Abstract

Increased knowledge about motor subtypes of delirium may aid clinicians in the management of postoperative geriatric patients. Prospective cohort study defining preoperative risk factors, outcomes, and adverse events related to motor subtypes of postoperative delirium. Referral medical center. Persons 50 years and older with planned postoperative intensive care unit (ICU) admission following an elective operation were recruited. Before surgery, a standardized frailty assessment was performed. After surgery, delirium and its motor subtypes were measured using the validated tools of the Confusion Assessment Method-ICU and the Richmond Agitation-Sedation Scale. Statistical analysis included the univariate t and χ(2) tests and analysis of variance with post hoc analysis. Delirium occurred in 43.0% (74 of 172) of patients, representing 67.6% (50 of 74) hypoactive, 31.1% (23 of 74) mixed, and 1.4% (1 of 74) hyperactive motor subtypes.
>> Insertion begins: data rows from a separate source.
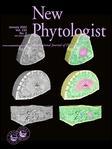 NEW PHYTOLOGIST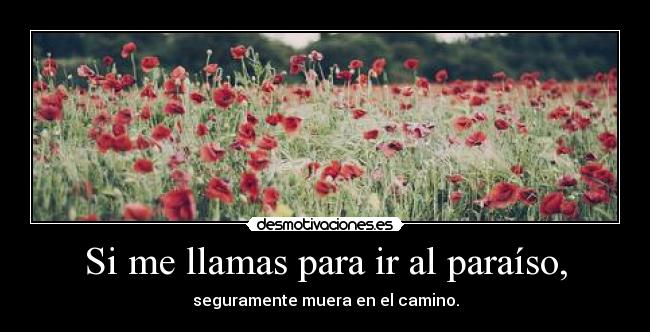 carteles cartelesbuenosaqui panoramicas paraiso muera lol cosa que ocurrido repente desmotivaciones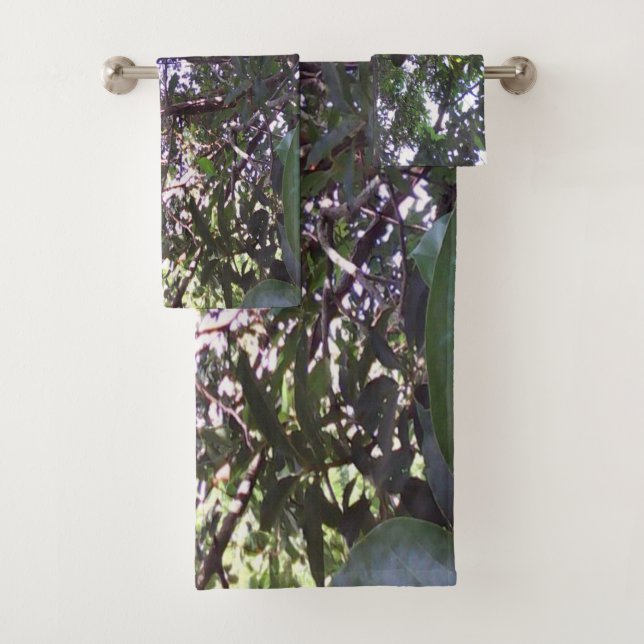 Arbre d'avocat (En situation)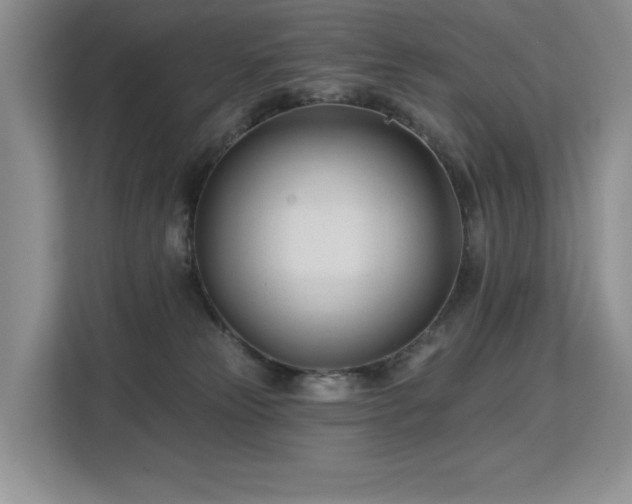 X0000113130181200909110921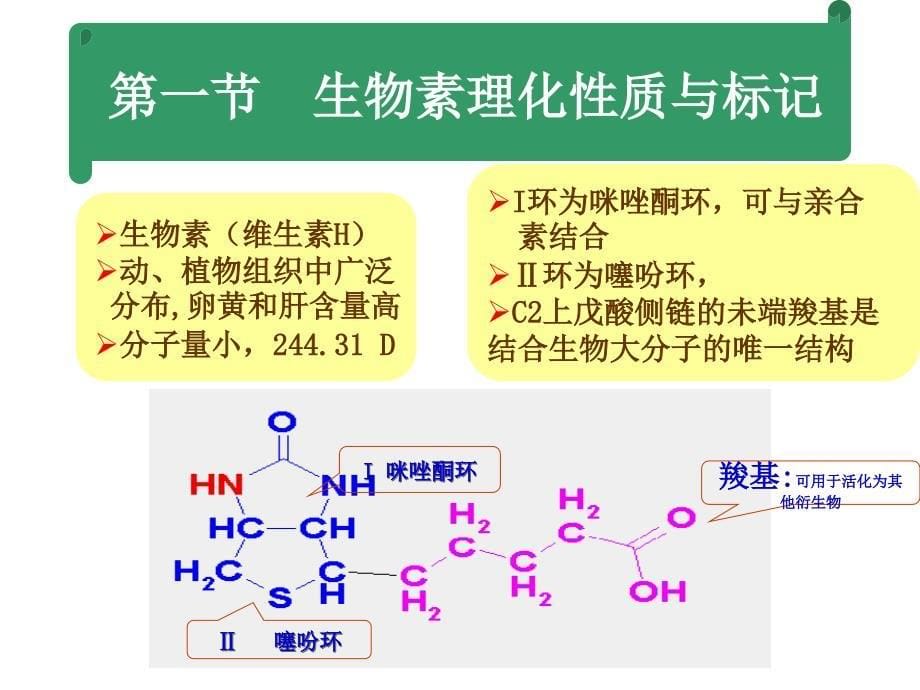 生物素亲合素放大技术_第5页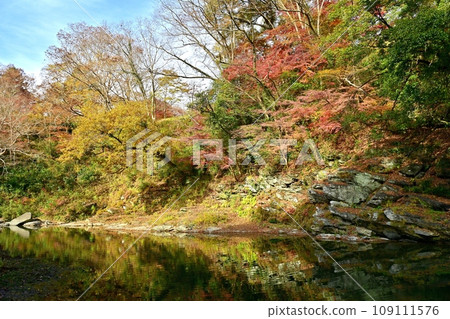 埼玉縣嵐山町的嵐山山谷，秋葉燦爛 109111576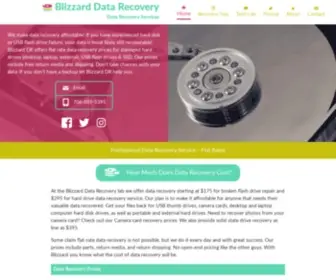 Blizzarddr.com(Data Recovery Service) Screenshot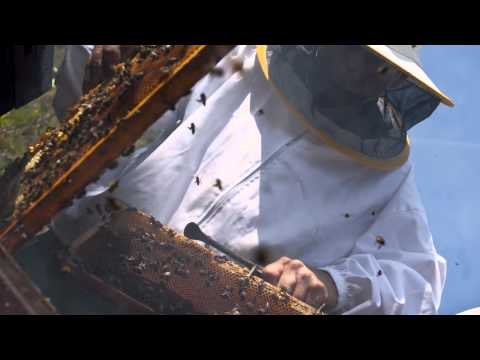 Els homes que parlaven amb les abelles 1 de 2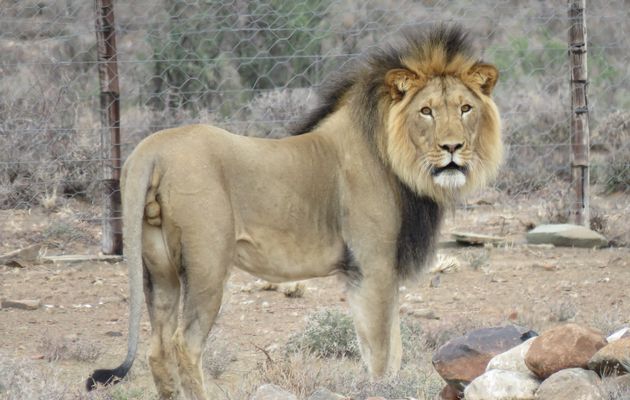 In South Africa, Tigers and Other Captive Predators Are Still Exploited for Profit.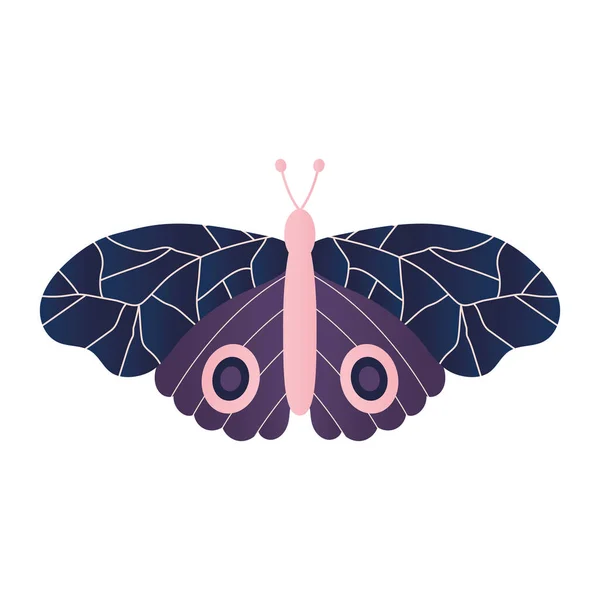 Papillon avec des couleurs différentes comme le violet et rose — Image vectorielle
Compared with those having mixed delirium, patients having hypoactive delirium were older (mean [SD] age, 71 [9] vs 65 [9] years) and more anemic (mean [SD] hematocrit, 36% [8%] vs 41% [6%]) (P=.002 for both). Patients with hypoactive delirium had higher 6-month mortality (32.0% [16 of 50] vs 8.7% [2 of 23], P=.04). Delirium-related adverse events occurred in 24.3% (18 of 74) of patients with delirium; inadvertent tube or line removals occurred more frequently in the mixed group (P=.006), and sacral skin breakdown was more common in the hypoactive group (P=.002). Motor subtypes of delirium alert clinicians to differing prognosis and adverse event profiles in postoperative geriatric patients. Hypoactive delirium is the most common motor subtype and is associated with worse prognosis (6-month mortality, 1 in 3 patients). Knowledge of differing adverse event profiles can modify clinicians' management of older patients with postoperative delirium.